This post is part of the On the Margin blog.
McDonald’s is promising kiosks in most of its 14,000 locations by 2020, through its Experience of the Future, beginning with thousands of stores across the country this year.
As is often the case, people see such kiosks and immediately see a company replacing a cashier with a robot.
Earlier this week, CNBC said that, “Wall Street cheers replacement of cashiers with kiosks.”
The blog ZeroHedge then proclaimed that, “McDonald’s is replacing 2,500 human cashiers with digital kiosks.”
Too bad it’s not true.
McDonald’s, contrary to popular belief, is not saving on labor by rolling out those kiosks. Rather than any mass layoffs of cashiers, those workers will be reassigned to other tasks in the restaurants, according to several people associated with the company. And a McDonald’s spokeswoman confirmed this to Business Insider.
Kiosks, in fact, are not a labor saver, certainly not now, and certainly not inside a fast-food chain that gets more than two-thirds of its business from the human managed drive thru.
Plenty of reasons exist for chains to use kiosks, notably in that they enable customers to more carefully consider their order. That reduces mistakes, and customers order more. They also enable companies to handle more orders during busy times, improving efficiency.

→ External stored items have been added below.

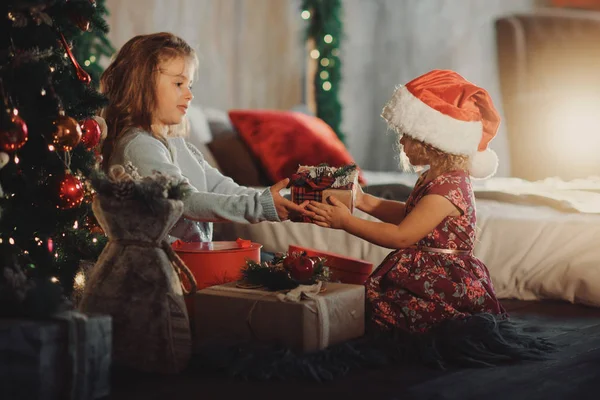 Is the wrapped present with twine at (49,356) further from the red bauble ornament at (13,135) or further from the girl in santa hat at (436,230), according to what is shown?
the girl in santa hat at (436,230)

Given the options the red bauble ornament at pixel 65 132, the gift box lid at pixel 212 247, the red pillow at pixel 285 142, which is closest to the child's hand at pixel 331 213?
the gift box lid at pixel 212 247

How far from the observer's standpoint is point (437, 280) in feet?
7.57

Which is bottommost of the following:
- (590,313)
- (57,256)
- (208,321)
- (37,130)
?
(590,313)

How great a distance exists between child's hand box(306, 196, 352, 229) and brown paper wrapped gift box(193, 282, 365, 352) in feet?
0.74

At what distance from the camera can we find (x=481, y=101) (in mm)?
2420

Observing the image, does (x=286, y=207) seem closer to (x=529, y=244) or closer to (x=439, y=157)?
(x=439, y=157)

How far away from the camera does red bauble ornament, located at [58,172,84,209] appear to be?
6.78 feet

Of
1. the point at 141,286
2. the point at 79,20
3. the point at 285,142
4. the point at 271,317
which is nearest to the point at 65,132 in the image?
the point at 79,20

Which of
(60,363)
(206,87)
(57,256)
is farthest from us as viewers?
(206,87)

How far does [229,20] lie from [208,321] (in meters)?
3.35

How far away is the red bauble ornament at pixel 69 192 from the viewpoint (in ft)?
6.78

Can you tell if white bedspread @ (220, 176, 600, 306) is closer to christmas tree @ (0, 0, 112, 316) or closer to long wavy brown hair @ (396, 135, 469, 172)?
long wavy brown hair @ (396, 135, 469, 172)

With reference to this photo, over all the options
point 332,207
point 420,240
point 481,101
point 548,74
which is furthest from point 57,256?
point 548,74

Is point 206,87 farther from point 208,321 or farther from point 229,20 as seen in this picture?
point 208,321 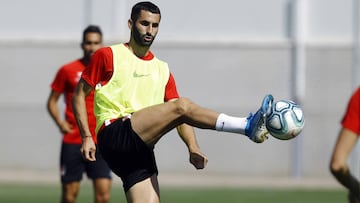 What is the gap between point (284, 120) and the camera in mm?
7867

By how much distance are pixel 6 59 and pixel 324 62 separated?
700cm

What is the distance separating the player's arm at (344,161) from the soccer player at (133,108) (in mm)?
2142

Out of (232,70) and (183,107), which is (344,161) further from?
(232,70)

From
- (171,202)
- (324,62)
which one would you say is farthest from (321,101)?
(171,202)

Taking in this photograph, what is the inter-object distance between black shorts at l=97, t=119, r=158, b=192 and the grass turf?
734 centimetres

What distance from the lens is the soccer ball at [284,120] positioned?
25.8 ft

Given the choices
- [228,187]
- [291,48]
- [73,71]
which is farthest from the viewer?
[291,48]

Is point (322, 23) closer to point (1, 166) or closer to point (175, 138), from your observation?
point (175, 138)

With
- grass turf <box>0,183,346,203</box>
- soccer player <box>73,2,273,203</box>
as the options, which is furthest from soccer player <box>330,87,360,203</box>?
grass turf <box>0,183,346,203</box>

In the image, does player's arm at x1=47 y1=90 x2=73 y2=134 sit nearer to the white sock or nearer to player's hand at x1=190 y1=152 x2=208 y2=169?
player's hand at x1=190 y1=152 x2=208 y2=169

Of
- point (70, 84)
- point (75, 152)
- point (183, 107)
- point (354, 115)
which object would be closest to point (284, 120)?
point (183, 107)

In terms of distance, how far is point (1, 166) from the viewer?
23.2 metres

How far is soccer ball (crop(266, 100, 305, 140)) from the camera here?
787 centimetres

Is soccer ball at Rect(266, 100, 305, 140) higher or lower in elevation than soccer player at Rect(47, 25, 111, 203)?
higher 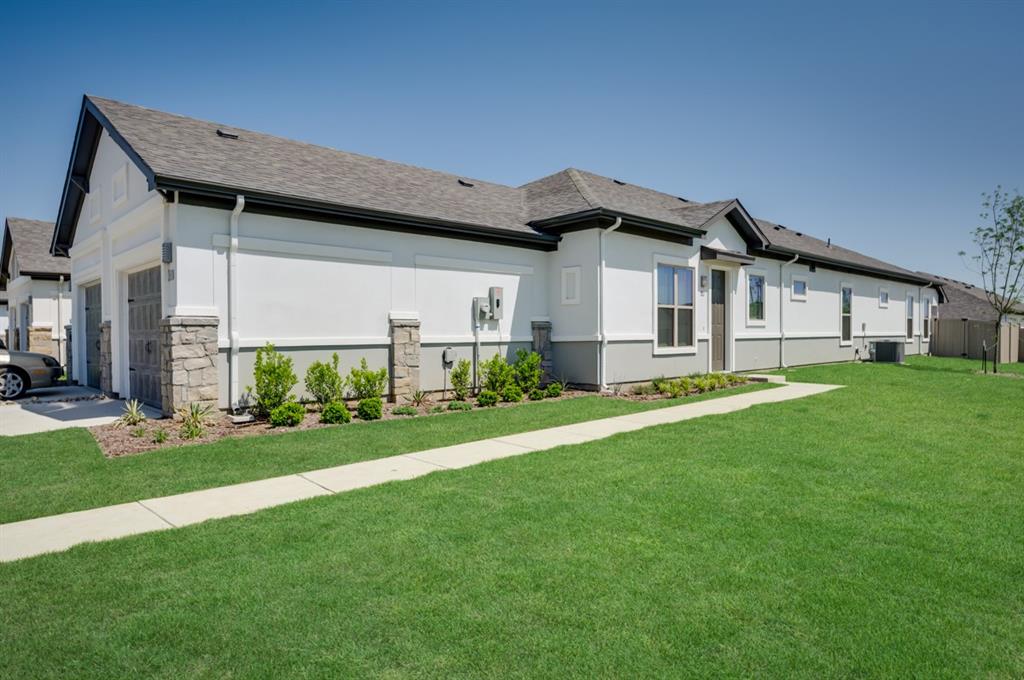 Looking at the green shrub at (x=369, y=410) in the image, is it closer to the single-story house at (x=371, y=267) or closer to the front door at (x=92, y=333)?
the single-story house at (x=371, y=267)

In addition, kiosks reduce problems associated with the influx of new employees into a restaurant. Few things are more annoying to a customer than giving an order to a worker just days on the job and just learning the point-of-sale system.
But rather than taking jobs, kiosks simply shift them elsewhere. McDonald’s, after all, still has to get the food ordered on the kiosks to the customers. And sometimes those workers will be called upon to help customers with the kiosks themselves.
Touch screens have been invading restaurant locations for years now, in one form or the other. Casual-dining chains have put them on tables. More quick-service chains are putting them in the lobby. Numerous concepts are also relying heavily on apps to get customers to place their order.
In short, there is a massive, industry-wide effort to adopt customer facing order technology.
There is no evidence, however, that any of these efforts are leading to overall reductions in labor. Restaurants’ labor costs increased in 2016. They continued to increase so far in 2017. And the industry has added about 273,000 employees over the past 12 months, according to federal data, a rate higher than that of the overall economy.
All that hiring is exacerbating a labor shortage that could be relieved with more automation.
Unemployment is at 4.3 percent, and the labor pool is thin, forcing restaurants to pay higher wages and lower hiring standards.
Restaurants employ a labor-heavy model, with turnover that averages much higher than 100 percent. They spend more on labor, by far, than either convenience stores or grocers, both of which have been gunning for a bigger piece of the prepared food pie.
The labor costs have put restaurants at a disadvantage over the past 18 months, as lower food costs enabled grocers to lower prices. Restaurants, because of those rising labor costs, have kept increasing prices. The result was a nearly unprecedented pricing gap of 450 basis points some months last year — and, theoretically, lower same-store sales.
Nobody likes to see layoffs. But a more efficient model that diverts more tasks to automation would be welcome at many restaurants, both by customers and the employees. It’s just not happening yet.
Jonathan Maze, Nation’s Restaurant News senior financial editor, does not directly own stock or interest in a restaurant company.